I cannot help but wonder if Peter’s mind went back as he wrote those words to the day his brother Andrew told him he had come face to face with the Lamb of God (John 1:35-42). Three years later Jesus died at the time of the Jewish Passover feast. At the first Passover a lamb had died in place of every Israelite firstborn son. Saved from death, he and his family were also ransomed from the cruel bondage of Egyptian slavery. Now the Passover had been re-enacted. This time it was life-size, even supersize. In Egypt one lamb had been sufficient for a family. Now one Lamb was sufficient for the whole world. And like the passover lamb, God’s Lamb was without blemish or spot.

Peter was not the only one to spot the connection with the Passover. His disciple colleague John did too. He’d been there with Andrew the day John the Baptiser pointed out the Lamb of God, as he recounts at the start of his Gospel (John 1:35-42). And in his account of Jesus’ crucifixion he indicates clearly that Jesus died as the Lamb of God. He tells us that when the soldiers pierced Jesus’ side instead of breaking his legs it was a fulfilment of the Scripture that said “Not one of his bones will be broken” (John 19:36). The Passover account said just that (Exodus 12:46, cf Numbers 9:12).

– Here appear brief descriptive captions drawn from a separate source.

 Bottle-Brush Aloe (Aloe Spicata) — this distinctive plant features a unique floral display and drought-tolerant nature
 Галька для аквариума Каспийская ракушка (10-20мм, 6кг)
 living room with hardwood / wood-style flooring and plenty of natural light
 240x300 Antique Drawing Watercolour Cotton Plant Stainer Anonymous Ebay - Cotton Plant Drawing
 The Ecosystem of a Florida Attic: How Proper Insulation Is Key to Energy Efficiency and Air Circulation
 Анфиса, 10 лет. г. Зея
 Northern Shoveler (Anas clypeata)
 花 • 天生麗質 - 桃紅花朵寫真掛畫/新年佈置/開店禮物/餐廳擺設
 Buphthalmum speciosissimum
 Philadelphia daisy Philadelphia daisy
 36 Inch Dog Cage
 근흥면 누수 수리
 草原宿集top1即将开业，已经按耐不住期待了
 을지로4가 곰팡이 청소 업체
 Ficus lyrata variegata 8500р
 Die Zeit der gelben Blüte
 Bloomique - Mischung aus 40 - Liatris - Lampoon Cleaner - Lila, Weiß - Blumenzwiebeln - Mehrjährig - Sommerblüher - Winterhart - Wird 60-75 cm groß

What the Passover did in picture format, Jesus did for real. His death paid the ransom required to release men and women from sin’s bondage. When he died “he himself bore our sins in his body on the tree, that we might die to sin and live to righteousness. By his wounds you have been healed” (1 Peter 2:24). Those who respond to Jesus’ voice as God’s Shepherd “were straying like sheep, but have now returned to the Shepherd and Overseer of [their] souls” (1 Peter 2:25).

Christmas is not about shepherds and lambs, it is about God’s Shepherd and God’s Lamb. If we see only shepherds and lambs we’re in danger of not hearing the Good Shepherd’s voice, calling us to real and lasting life. That’s the real Christmas present, purchased at the cost of the life of the Lamb of God.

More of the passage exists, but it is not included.